Now at 70, there is a lot more background pain to deal with. Earlier in life, it was self-inflicted pain, i.e., “…Pleasures are the bait and the result is pain” pain. As I’m aging, a whole slew of ‘undeserved’ pain is showing up. There is the general and increasing loss of acuity of the senses—hearing, sight, taste, smell. Then there is the physical decline—skin that spouts blood with the slightest scrape. I now say, after working in the garden a while, that if I’m not bleeding somewhere, I’ve not really done anything. The decline of physical ability, the stiffness, and the arthritis is always knocking at awareness’s door.
These pains are the sort everyone will suffer as they age to one extent or another. These ‘undeserved’ declines and feeling the ‘unfairness’ of entropy are incredibly powerful forces. Yielding to them gracefully brings precious humility and wisdom. This approach is nicely spoken to in chapter 61, Using stillness she serves the lower position.
Words to the unwise fall upon deaf ears
Recently I faced up to the fact that We only understand what we know. If true, what hope is there for the young to hear any words to the wise? They naturally lack the wisdom required to understand. It takes wisdom to know wisdom, or as I like to say, “It takes a sage to know as sage.” This natural ignorance has another repercussion. The young easily end up taking another person’s ostensible wisdom at face value that often ends up being misguided faith. “Beware of false prophets”, I believe the Bible says somewhere.
It is a conundrum for sure! The difficulty lies in not having the experience to know whether one has the experience to know.

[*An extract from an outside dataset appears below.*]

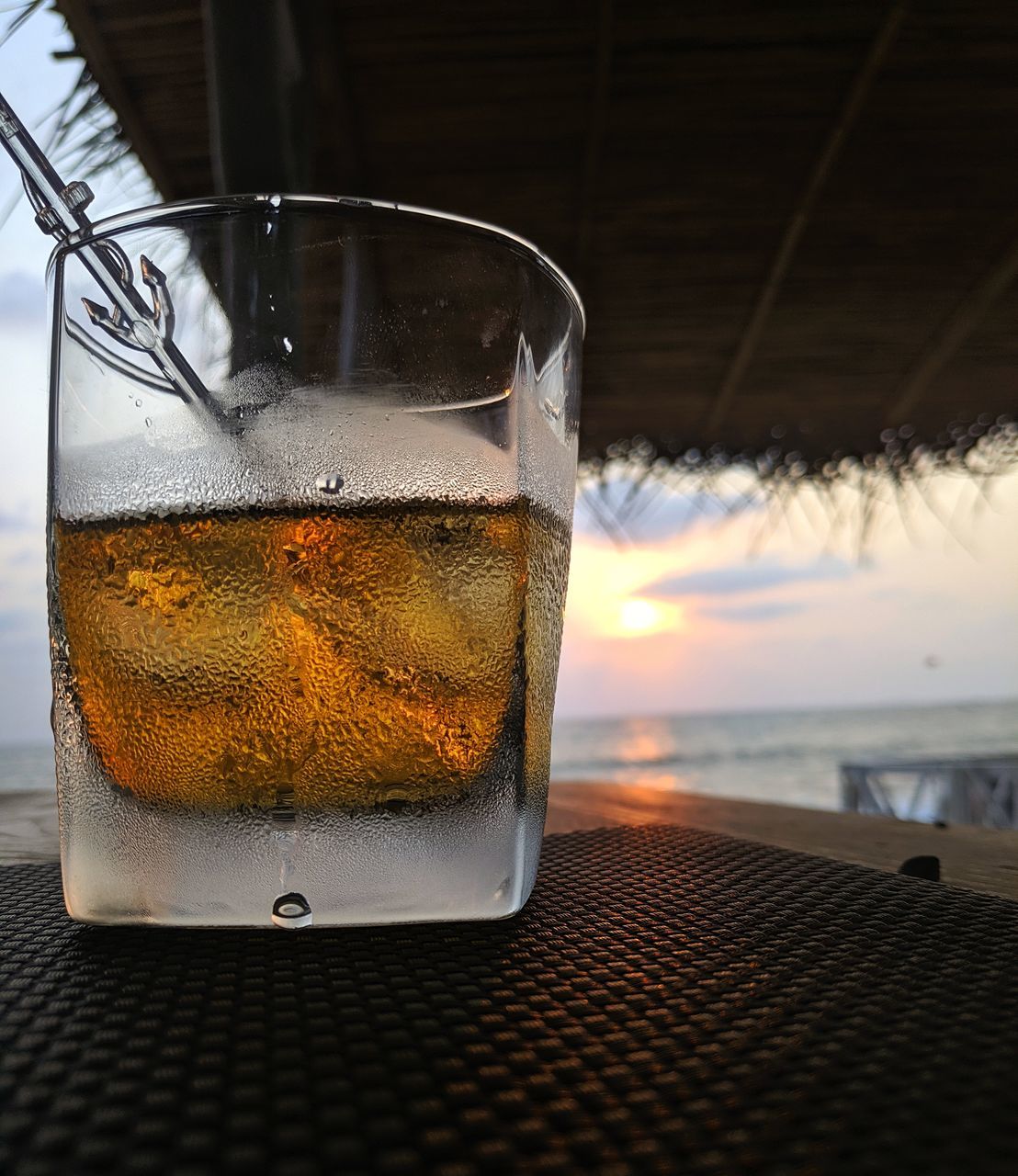 CLOSE-UP OF BEER GLASS ON TABLE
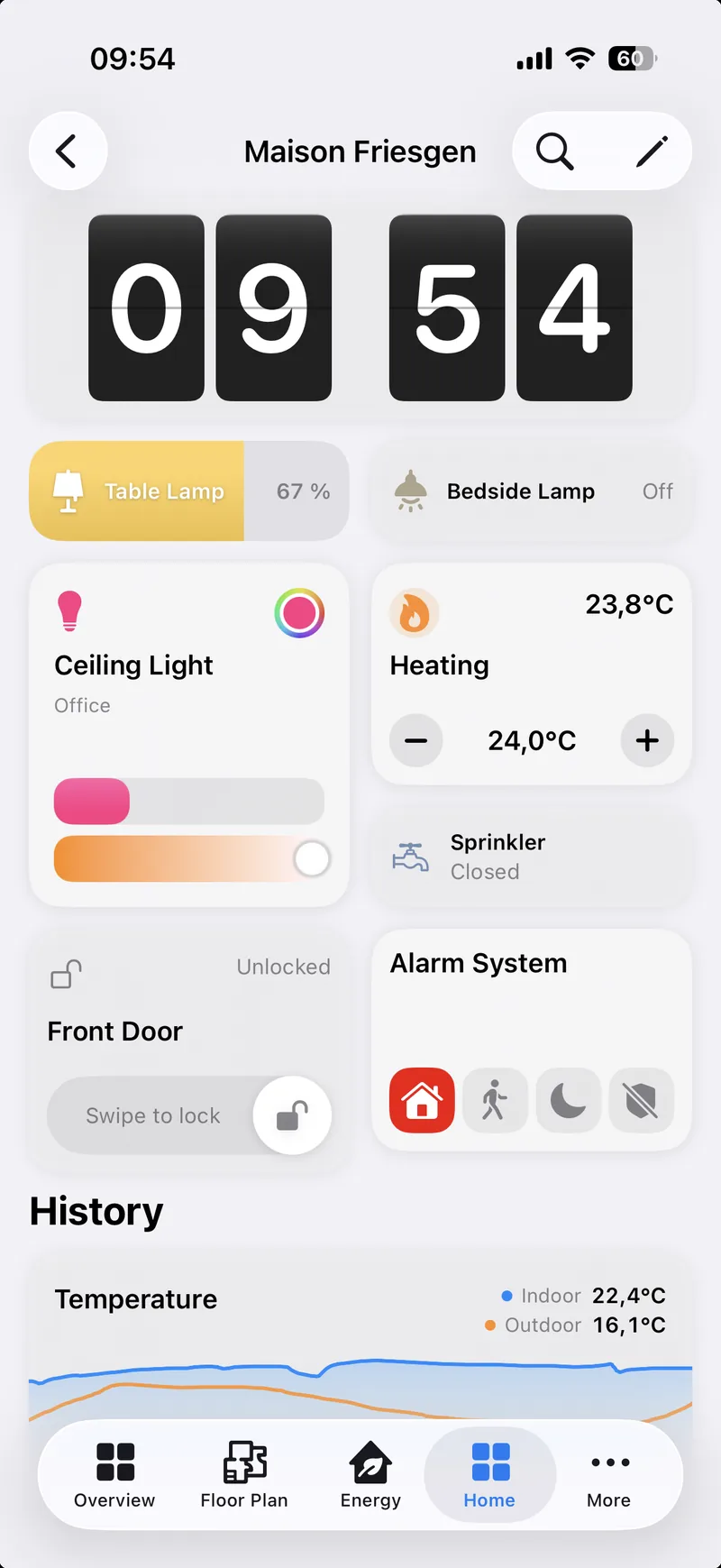 A dashboard on an iPhone: a flip clock, two lamp tiles, a ceiling light with a colour picker and two sliders, heating with current and target, a sprinkler, the front door lock with a slide to lock, the alarm system with its four modes, and below them a History section with an indoor and outdoor temperature chart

Given this, how can one judge the wisdom of any words offered as ‘words of wisdom’? Misinterpretation and misunderstanding are inevitable. As far as I’ve found, this is only mitigated by embracing the view expressed in chapter 71. Alas, even here, some degree of humility and reflection are essential… like I said, “It takes wisdom to know wisdom”. Life’s a trip! 😉
Realizing I don’t know is superior, not knowing this realization is a defect.
Man alone faults this defect, this so as not to be defective.
The sacred person is not defective, taking his defect as a defect.
Man alone has this defect, this is because to him there is no defect.